EXERCISE MATERIAL:
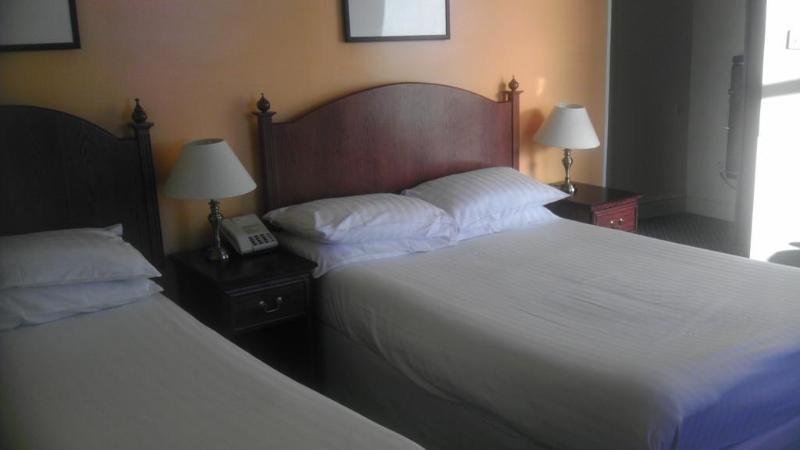 酒店 Royal Kings Arms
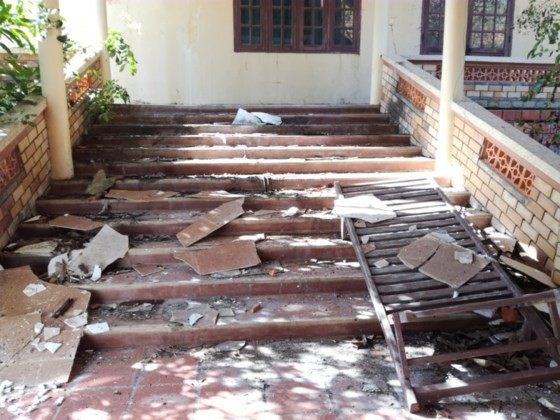 Resorts, restaurants abandoned after stop of Ke Ga seaport project ảnh 5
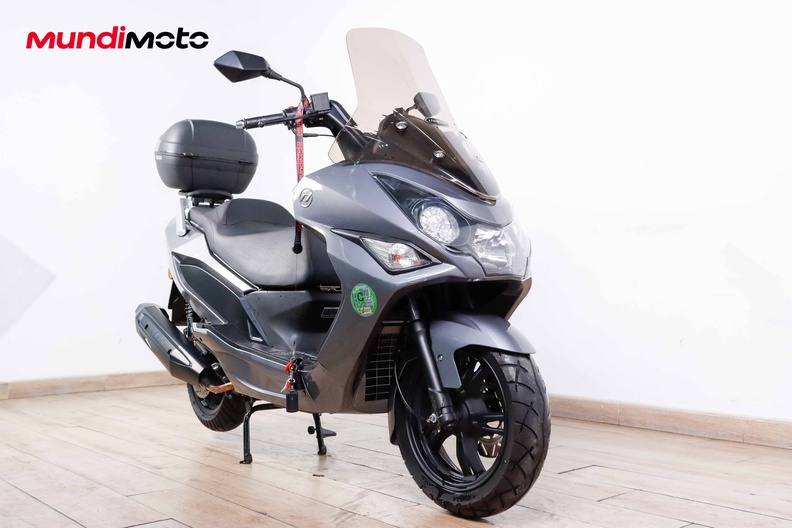 Motorbike image 1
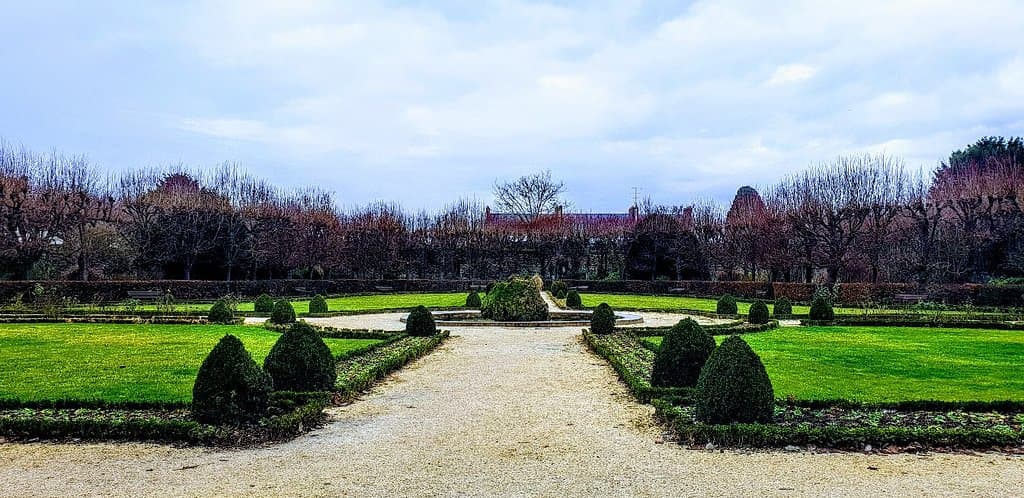 Jardin Bossuet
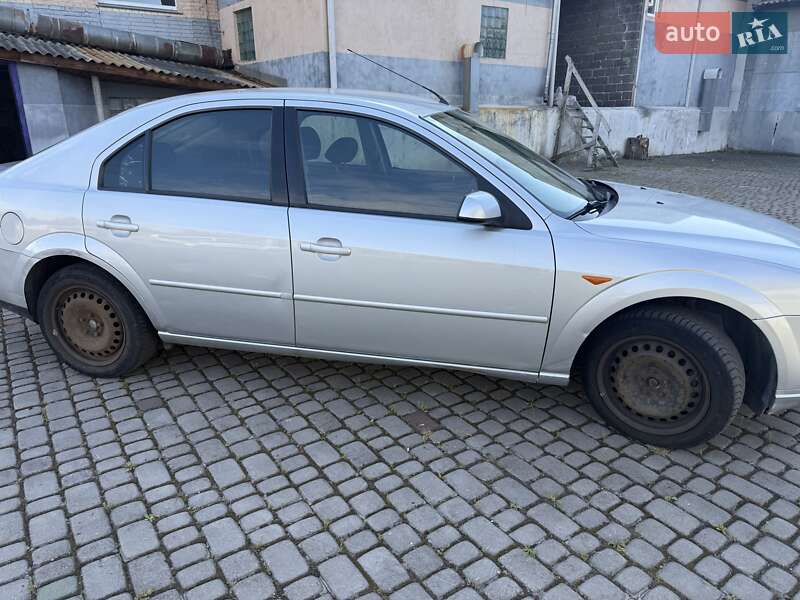 Лифтбек Ford Mondeo 2002 в Шептицькому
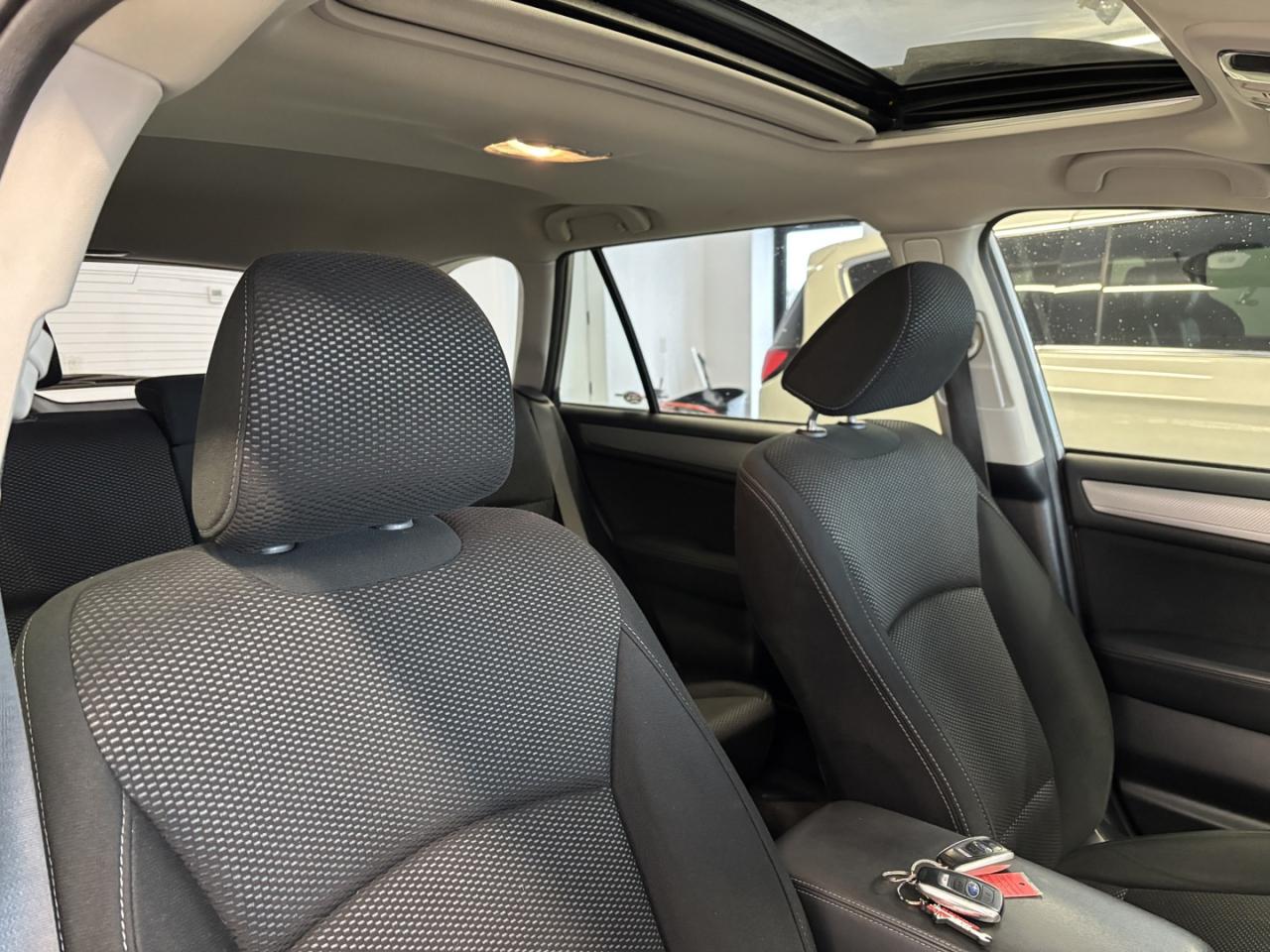 2017 Subaru Outback 2.5I Premium Photo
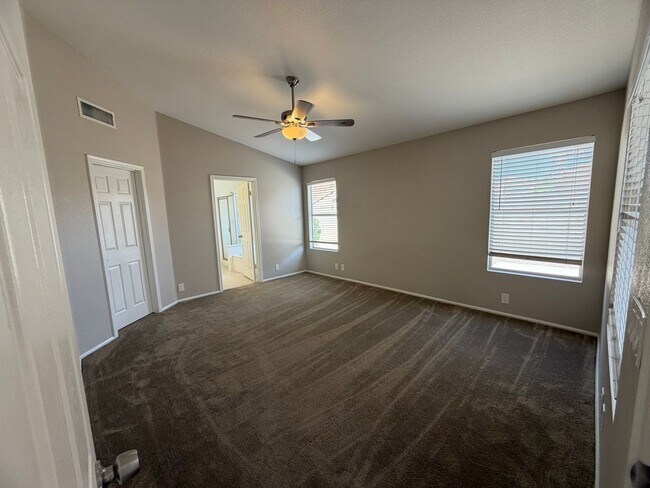 Building Photo - Desirable Arrowhead Ranch Home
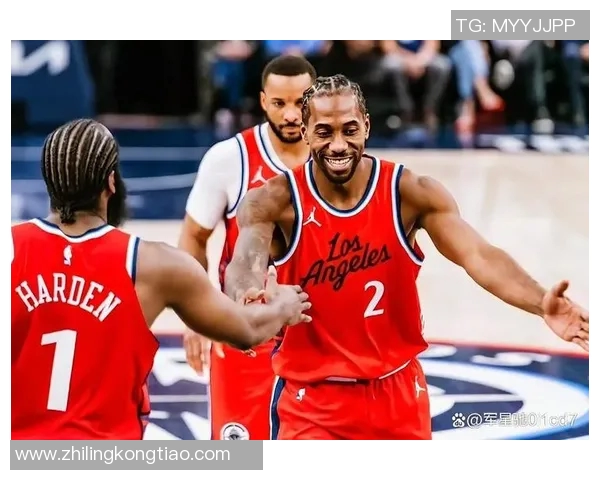 洛杉矶快船队锋线球员出场时间有限,阵容深度补强策略引关注 洛杉矶快船队锋线球员出场时间有限,阵容深度补强策略引关注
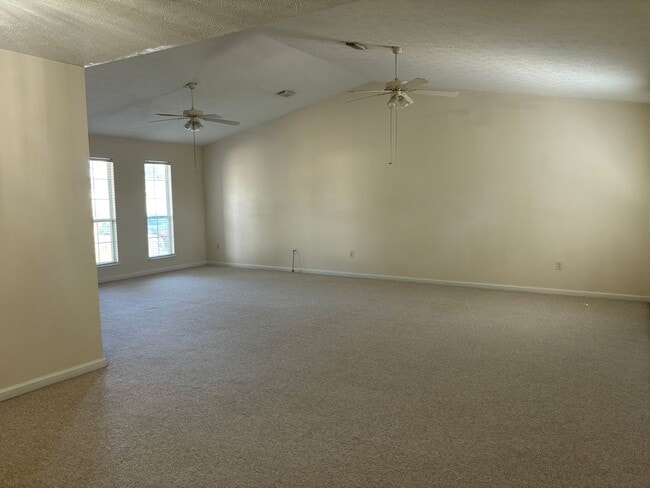 Photo - 509 Phillips Ct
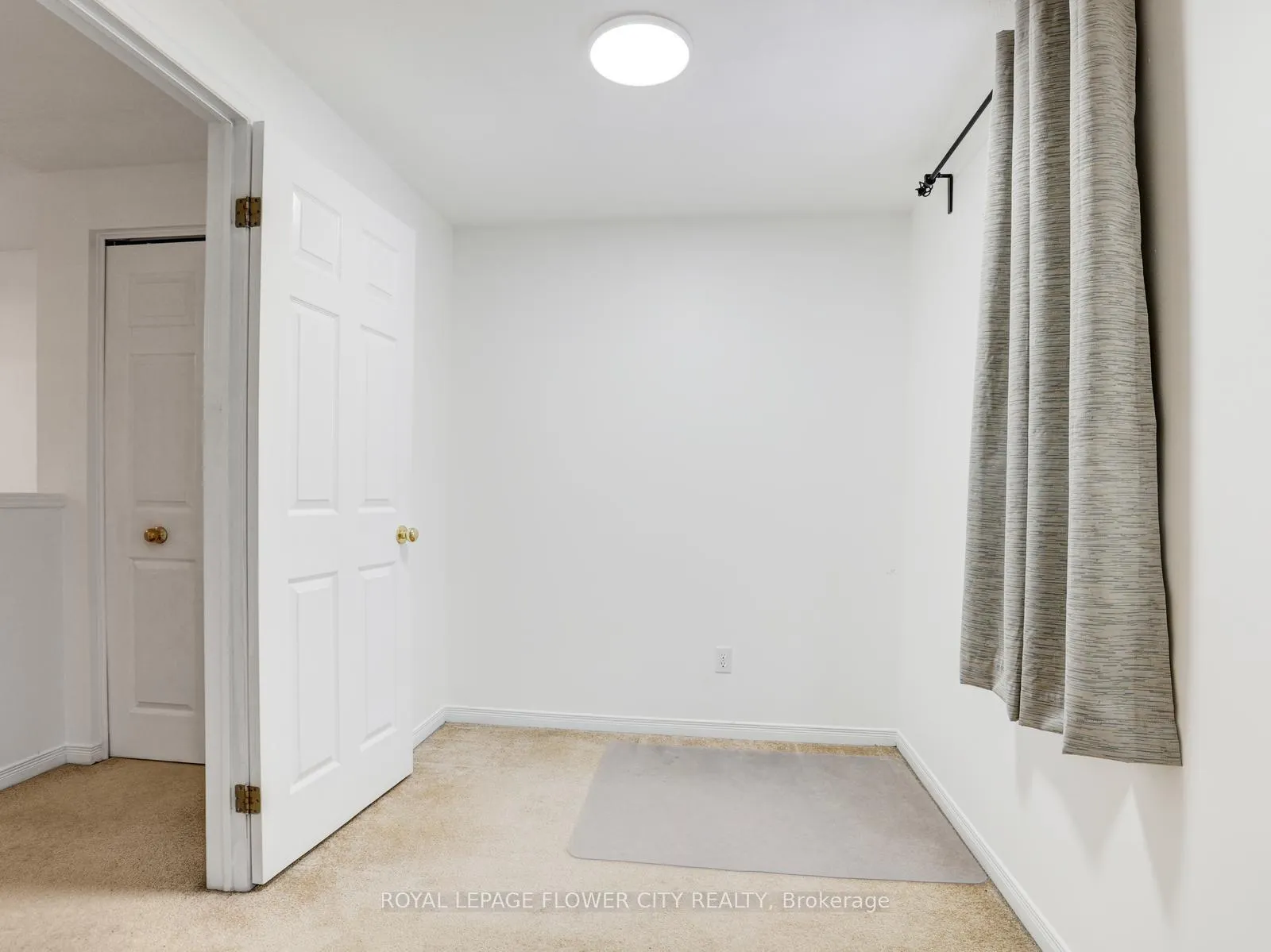 Photo 37 of 128 Donnenwerth Drive, Kitchener — HOMEH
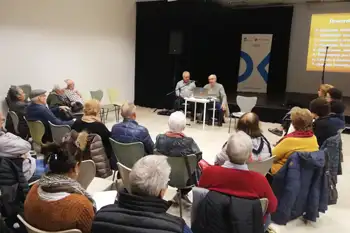 Varias personas mayores en una conferencia en Okendo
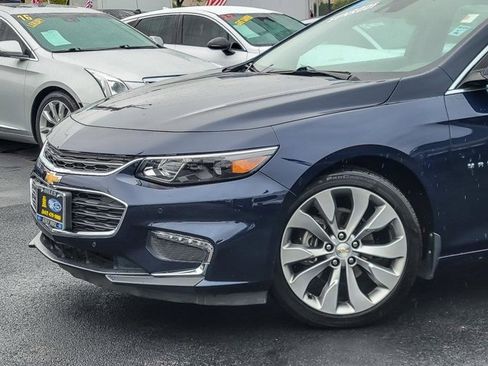 Used 2018 Chevrolet Malibu Premier image 3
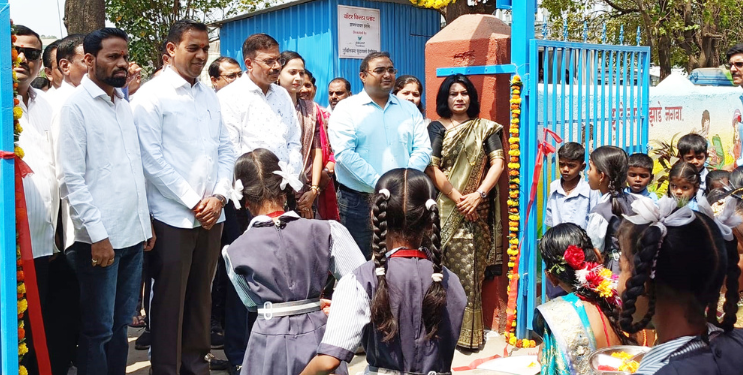 इसांबेत बोलक्या भिंती प्रकल्प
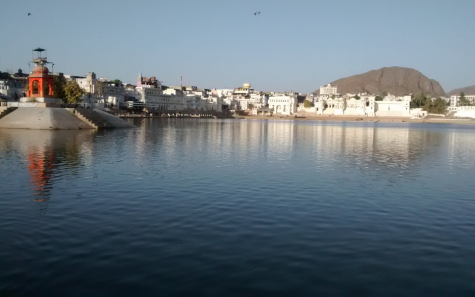 Pushkar Lake scenic view captured during a Rajasthan Trip with spiritual atmosphere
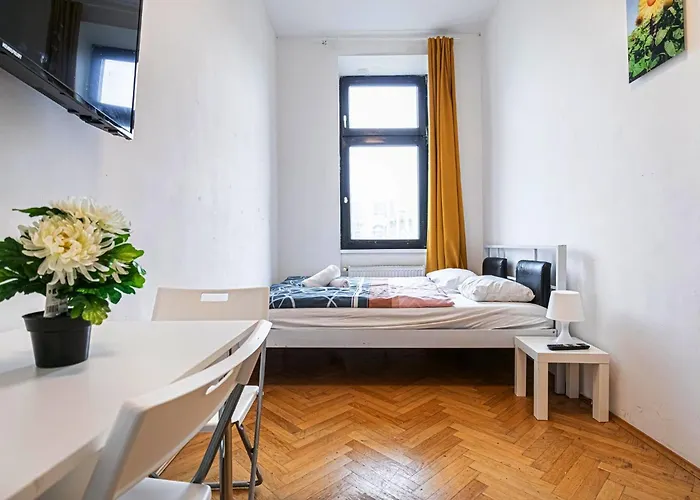 דירה Near Danube And Lorenz Boehler - Stylish Private With Shared Garden, Tv & Wifi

WORK INSTRUCTION:
What is needed is the whole listing again, set down exactly, without its pictures.

TASK RESULT:
 酒店 Royal Kings Arms
 Resorts, restaurants abandoned after stop of Ke Ga seaport project ảnh 5
 Motorbike image 1
 Jardin Bossuet
 Лифтбек Ford Mondeo 2002 в Шептицькому
 2017 Subaru Outback 2.5I Premium Photo
 Building Photo - Desirable Arrowhead Ranch Home
 洛杉矶快船队锋线球员出场时间有限,阵容深度补强策略引关注 洛杉矶快船队锋线球员出场时间有限,阵容深度补强策略引关注
 Photo - 509 Phillips Ct
 Photo 37 of 128 Donnenwerth Drive, Kitchener — HOMEH
 Varias personas mayores en una conferencia en Okendo
 Used 2018 Chevrolet Malibu Premier image 3
 इसांबेत बोलक्या भिंती प्रकल्प
 Pushkar Lake scenic view captured during a Rajasthan Trip with spiritual atmosphere
 דירה Near Danube And Lorenz Boehler - Stylish Private With Shared Garden, Tv & Wifi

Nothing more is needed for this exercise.